Le danger est très grand, car le volcan d’une largeur de 10 km est complètement recouvert de glace. C’est là le principal élément de sa dangerosité, car cela en fait une immense marmite bouillante sur laquelle une importante quantité d’eau et de glace risque de se déverser en cas de rupture de la calotte glacière. L’explosion qui s’en suivrait pourrait projeter d’importants blocs de glace dans un très large périmètre et rejeter dans l’atmosphère des quantités impressionnantes d’acide sulfurique et de cendres suffisantes pour refroidir le climat de la planète.

C’est du moins ce qu’a déclaré, Ford Cochran, un spécialiste de la National Geographic dans une entrevue à la BBC. Selon lui, « les séismes enregistrés suggèrent certainement qu’une éruption est peut-être imminente ». (Reportage BBC)

L’observation du volcan s’est intensifiée depuis le 9 juillet dernier alors qu’une faible éruption du Katla a entrainé des inondations dans les plaines à proximité et de nombreux habitants ont senti des odeurs de sulfures dans la région. (Vidéo)

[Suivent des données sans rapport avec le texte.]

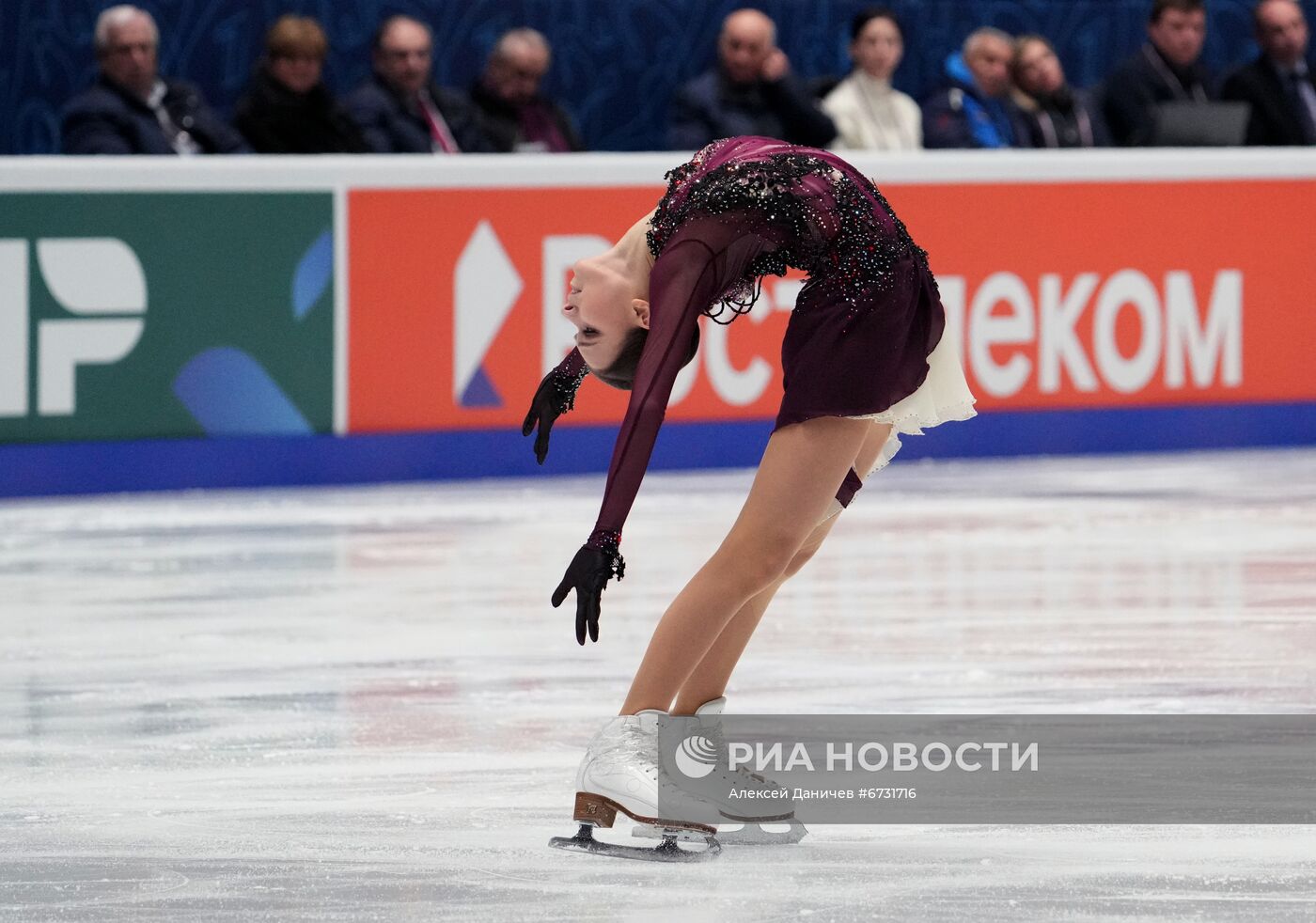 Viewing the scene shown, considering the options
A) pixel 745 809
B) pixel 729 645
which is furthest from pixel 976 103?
pixel 745 809

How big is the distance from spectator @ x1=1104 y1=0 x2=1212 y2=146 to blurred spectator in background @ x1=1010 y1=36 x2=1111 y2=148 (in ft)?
0.36

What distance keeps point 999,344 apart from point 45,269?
12.1 feet

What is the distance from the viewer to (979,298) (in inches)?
390

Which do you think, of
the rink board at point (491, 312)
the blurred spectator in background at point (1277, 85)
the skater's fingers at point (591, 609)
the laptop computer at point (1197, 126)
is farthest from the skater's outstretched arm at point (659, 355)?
the blurred spectator in background at point (1277, 85)

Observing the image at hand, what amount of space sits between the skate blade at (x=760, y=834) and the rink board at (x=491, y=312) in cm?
409

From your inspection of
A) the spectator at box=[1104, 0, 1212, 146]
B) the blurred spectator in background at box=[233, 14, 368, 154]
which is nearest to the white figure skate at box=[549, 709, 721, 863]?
the blurred spectator in background at box=[233, 14, 368, 154]

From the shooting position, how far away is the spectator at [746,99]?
34.7 feet

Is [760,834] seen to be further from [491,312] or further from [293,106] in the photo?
[293,106]

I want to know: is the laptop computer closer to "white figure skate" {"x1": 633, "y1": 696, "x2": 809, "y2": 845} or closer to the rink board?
the rink board

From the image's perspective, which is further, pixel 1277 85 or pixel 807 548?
pixel 1277 85

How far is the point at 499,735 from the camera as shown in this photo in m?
5.03

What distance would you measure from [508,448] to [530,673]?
3820mm

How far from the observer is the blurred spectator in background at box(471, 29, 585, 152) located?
415 inches

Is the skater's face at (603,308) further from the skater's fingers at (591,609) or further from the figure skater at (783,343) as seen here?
the skater's fingers at (591,609) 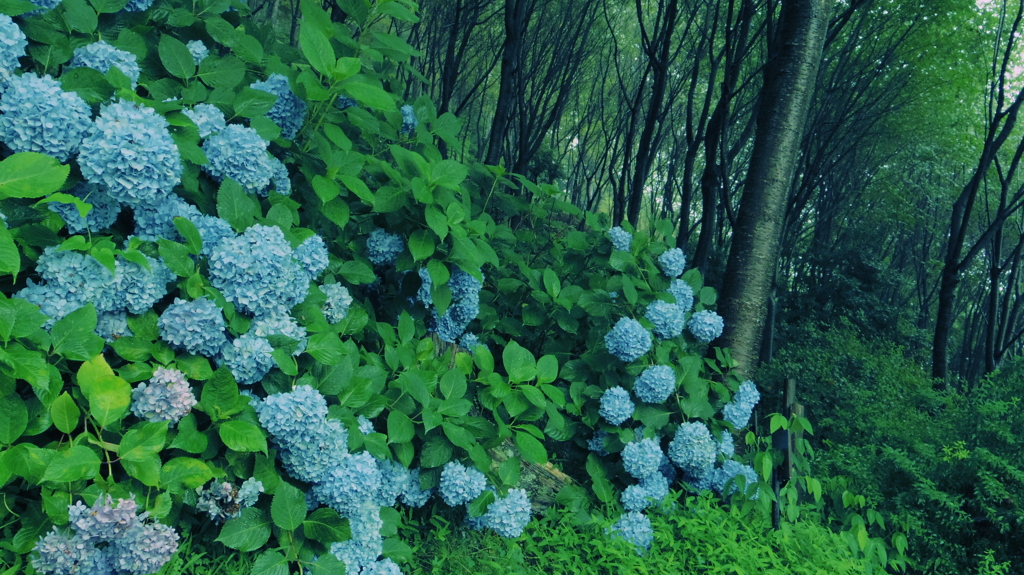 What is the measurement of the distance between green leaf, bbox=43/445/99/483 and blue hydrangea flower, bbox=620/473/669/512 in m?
2.27

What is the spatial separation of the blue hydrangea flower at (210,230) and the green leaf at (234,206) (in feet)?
0.09

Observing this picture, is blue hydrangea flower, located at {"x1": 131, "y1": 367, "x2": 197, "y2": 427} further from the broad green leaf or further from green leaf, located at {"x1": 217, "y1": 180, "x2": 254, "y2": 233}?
green leaf, located at {"x1": 217, "y1": 180, "x2": 254, "y2": 233}

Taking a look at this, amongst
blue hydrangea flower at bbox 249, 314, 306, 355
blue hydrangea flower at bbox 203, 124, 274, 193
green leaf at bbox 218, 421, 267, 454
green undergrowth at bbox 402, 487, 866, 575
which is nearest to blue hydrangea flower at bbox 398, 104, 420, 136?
blue hydrangea flower at bbox 203, 124, 274, 193

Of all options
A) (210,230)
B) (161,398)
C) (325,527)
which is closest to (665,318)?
(325,527)

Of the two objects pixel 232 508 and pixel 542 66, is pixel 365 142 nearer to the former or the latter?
pixel 232 508

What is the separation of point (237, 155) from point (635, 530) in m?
2.29

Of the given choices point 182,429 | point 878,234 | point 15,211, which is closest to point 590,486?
point 182,429

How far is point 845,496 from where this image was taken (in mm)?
3627

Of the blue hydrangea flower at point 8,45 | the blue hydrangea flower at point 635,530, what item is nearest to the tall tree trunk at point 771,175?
the blue hydrangea flower at point 635,530

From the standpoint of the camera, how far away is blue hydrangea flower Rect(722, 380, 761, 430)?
3.44 m

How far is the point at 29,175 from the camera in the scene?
4.84ft

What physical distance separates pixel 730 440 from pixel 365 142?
2421 millimetres

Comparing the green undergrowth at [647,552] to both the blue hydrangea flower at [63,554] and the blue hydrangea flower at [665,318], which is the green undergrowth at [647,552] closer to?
the blue hydrangea flower at [665,318]

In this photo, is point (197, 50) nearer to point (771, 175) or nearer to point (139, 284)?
point (139, 284)
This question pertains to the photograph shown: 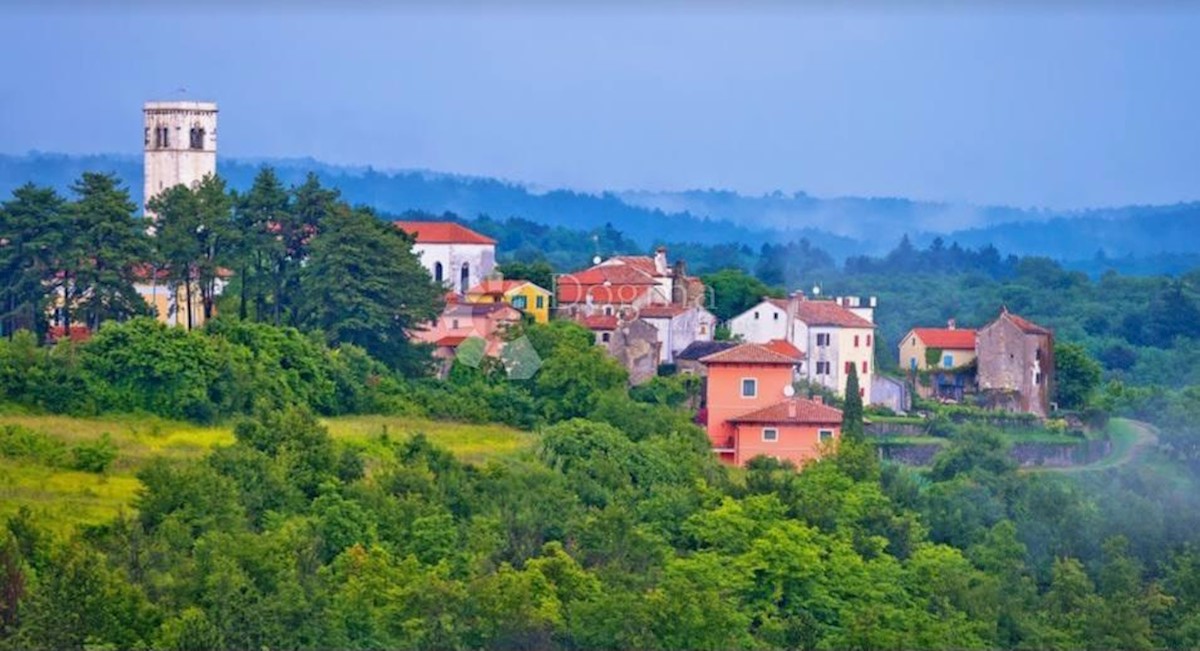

Depuis l’éruption du volcan du glacier Eyjafjöll en 2010 et du Grímsvötn en mai dernier, les volcanologues sont aux aguets, car tout le sous-sol du sud de l’Islande est inter-relié et l’éruption d’un de ces volcans et pratiquement toujours le signe annonciateur de l’éruption d’un autre souvent plus important.

L’histoire nous enseigne aussi que le volcan entre en éruption généralement tous les 40 à 80 ans. La dernière fois c’était en 1918. Le volcan serait donc dû pour relâcher la pression. En 1918, l’éruption était de catégorie 4 sur une échelle qui compte 9 niveaux d’intensité, soit une éruption cataclysmique. Mais le volcan est très instable et il est bien difficile de prédire comment sera cette fois l’éruption.

En 1783, la fracture du cratère du Laki, dans le sud de l’Islande qui comprend le Katla, avait entrainé une éruption pendant 8 mois, ce qui avait provoqué un mini-âge glaciaire dans l’hémisphère nord. Une situation qui a entrainé une grave famine dans toute l’Europe. Cette éruption est même vue comme l’une des causes directes de la Révolution française de 1789 alors qu’une grande partie de la population qui n’avait plus rien à manger a pris les armes pour réclamer du pain au roi.

Une éruption majeure pourrait donc à nouveau grandement perturber le trafic aérien mondial et la durée de l’éruption sera le seul élément à considérer quant à savoir si le climat mondial pourrait en subir les effets.